Déclaration d’intention

 

Mes photographies sont des objets. Je voudrais qu’elles soient appréciées comme telles, pour leurs qualités sensibles et matérielles. Je voudrais qu’on les prenne du bout des doigts pour sentir le grain du papier, qu’on les caresse du bout des yeux pour gouter les pigments des encres. On ? Ce serait les corps fatigués des travailleurs, les mains maladroites des étudiants, le plaisir des amateurs autant que des professionnels. Elles auraient leur place au-dessus du canapé ou de la télévision, à côté de la photographie de mariage et de la boule à neige, souvenir de vacances, tout aussi bien qu’accrochées aux cimaises d’une galerie ou d’un lieu public, pour un plaisir partagé.

Je suis titulaire d’un doctorat en esthétique. J’ai donné des conférences, collaboré avec des photographes et j’ai écrit plusieurs livres et articles sur la photographie, son histoire et sa place parmi les arts. Néanmoins, je suis un amateur car ma photographie est une recherche bien davantage qu’un savoir-faire. Je ne me préoccupe pas de maîtriser les codes des images qui instituent le métier et permettent de remplir les obligations médiatiques ou informatives qui incombent aux professionnels.
Mon travail photographique est guidé par une sorte d’introspection culturelle. Je cherche mon identité, non pas civile, non pas même psychologique, mais culturelle. La mémoire dont j’ai hérité est quelque part dans mon corps et j’essaie de la dire pour la transmettre en photographies. C’est là le sens de la création : hériter, créer, transmettre. Ma recherche introspective n’a donc rien à voir avec la vanité d’un ego qui se croirait unique. Elle relève bien davantage de la recherche d’une identité partagée, de la demande d’une communauté esthétique.
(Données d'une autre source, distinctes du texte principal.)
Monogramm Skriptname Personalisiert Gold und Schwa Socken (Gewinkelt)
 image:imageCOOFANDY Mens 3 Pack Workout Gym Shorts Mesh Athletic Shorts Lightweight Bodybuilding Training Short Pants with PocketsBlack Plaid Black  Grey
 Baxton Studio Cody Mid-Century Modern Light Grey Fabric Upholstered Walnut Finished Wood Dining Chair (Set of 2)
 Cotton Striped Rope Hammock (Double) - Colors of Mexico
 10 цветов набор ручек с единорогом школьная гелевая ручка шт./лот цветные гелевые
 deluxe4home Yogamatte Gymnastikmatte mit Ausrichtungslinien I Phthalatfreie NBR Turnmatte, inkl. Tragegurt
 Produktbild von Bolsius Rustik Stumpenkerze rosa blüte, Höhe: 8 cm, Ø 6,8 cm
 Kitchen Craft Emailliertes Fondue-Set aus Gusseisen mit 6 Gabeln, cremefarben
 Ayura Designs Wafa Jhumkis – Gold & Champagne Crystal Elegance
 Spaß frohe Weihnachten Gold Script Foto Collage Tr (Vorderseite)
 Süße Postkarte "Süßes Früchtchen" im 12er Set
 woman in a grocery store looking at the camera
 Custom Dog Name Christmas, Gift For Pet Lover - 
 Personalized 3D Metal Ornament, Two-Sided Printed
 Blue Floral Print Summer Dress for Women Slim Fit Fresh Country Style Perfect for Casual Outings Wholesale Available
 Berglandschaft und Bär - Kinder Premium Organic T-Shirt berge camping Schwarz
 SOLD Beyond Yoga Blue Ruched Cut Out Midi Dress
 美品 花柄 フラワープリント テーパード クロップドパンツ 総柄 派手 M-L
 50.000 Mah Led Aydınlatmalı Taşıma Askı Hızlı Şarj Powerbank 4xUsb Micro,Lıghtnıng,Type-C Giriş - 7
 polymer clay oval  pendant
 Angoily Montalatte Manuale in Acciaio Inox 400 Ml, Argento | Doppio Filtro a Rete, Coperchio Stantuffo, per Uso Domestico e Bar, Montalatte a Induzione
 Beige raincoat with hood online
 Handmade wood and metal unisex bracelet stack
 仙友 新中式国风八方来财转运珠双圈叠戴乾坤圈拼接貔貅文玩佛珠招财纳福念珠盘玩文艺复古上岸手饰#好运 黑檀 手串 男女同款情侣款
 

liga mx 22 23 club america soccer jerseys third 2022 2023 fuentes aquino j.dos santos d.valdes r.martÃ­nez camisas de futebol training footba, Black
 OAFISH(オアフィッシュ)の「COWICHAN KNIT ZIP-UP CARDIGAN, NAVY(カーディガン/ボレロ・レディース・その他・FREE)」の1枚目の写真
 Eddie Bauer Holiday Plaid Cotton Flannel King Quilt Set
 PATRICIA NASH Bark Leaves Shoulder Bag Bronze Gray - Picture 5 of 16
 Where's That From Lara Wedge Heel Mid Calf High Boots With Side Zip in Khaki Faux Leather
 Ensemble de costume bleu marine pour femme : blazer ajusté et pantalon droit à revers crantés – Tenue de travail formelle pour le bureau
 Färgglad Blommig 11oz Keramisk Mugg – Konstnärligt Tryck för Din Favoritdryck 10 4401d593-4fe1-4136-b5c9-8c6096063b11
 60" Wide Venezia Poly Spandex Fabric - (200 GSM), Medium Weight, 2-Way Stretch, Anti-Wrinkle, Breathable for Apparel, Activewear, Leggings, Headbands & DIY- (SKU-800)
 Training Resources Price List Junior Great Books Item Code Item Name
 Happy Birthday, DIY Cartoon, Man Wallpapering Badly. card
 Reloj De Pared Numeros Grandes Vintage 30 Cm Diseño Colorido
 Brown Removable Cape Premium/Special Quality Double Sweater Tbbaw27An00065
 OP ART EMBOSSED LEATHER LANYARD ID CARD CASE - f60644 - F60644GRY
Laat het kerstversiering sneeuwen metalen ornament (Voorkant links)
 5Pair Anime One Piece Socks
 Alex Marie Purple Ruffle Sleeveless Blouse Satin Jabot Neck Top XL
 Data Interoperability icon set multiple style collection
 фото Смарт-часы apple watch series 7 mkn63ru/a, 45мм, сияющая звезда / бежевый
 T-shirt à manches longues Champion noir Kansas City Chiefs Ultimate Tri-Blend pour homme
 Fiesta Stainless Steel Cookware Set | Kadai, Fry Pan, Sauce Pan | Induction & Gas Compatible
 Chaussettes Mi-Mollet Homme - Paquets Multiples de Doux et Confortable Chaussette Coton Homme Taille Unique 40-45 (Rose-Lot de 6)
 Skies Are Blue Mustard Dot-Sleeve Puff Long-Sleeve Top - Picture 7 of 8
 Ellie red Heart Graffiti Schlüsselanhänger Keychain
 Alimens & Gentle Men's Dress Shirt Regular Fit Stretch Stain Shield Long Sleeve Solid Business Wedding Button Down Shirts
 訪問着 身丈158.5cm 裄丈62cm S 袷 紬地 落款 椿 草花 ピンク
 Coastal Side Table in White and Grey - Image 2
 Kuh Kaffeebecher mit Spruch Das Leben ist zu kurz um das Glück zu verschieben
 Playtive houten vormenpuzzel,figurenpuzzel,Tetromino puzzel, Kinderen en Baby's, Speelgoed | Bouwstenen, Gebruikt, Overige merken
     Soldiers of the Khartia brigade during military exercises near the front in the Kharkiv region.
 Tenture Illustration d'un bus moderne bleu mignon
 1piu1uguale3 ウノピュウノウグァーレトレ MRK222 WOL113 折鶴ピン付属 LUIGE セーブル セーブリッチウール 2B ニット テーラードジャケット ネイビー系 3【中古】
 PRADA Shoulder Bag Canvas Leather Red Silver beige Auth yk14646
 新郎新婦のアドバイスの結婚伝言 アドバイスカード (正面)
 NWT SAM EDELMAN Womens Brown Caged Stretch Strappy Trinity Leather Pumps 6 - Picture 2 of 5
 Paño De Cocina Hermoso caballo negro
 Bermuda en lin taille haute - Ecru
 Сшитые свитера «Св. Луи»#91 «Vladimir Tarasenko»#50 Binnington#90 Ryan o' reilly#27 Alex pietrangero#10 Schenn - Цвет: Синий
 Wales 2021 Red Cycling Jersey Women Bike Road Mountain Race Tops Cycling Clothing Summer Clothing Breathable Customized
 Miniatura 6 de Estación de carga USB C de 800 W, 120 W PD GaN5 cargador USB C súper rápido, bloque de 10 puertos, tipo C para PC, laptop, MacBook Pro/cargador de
Les choses que je photographie sont diverses et je les photographie de diverses manières. Cet éclectisme déroutera sans doute ceux qui ont l’habitude d’associer le nom d’un auteur à un style, une identité civile à une identité plastique. Mais je ne crois pas que mon entreprise puisse obéir aux catégories, portrait ou bien paysage, noir et blanc ou bien couleurs, pictorialisme ou objectivité. La mémoire ne se laisse pas découper en tranches. Elle se manifeste par moments au gré des rencontres, en fragments qui se tiennent plus ou moins ensemble. Finalement, mes images forment des corpus souples. Elles glissent d’un sujet à l’autre, croisent leur plastique avec comme horizon cette culture que j’espère partager.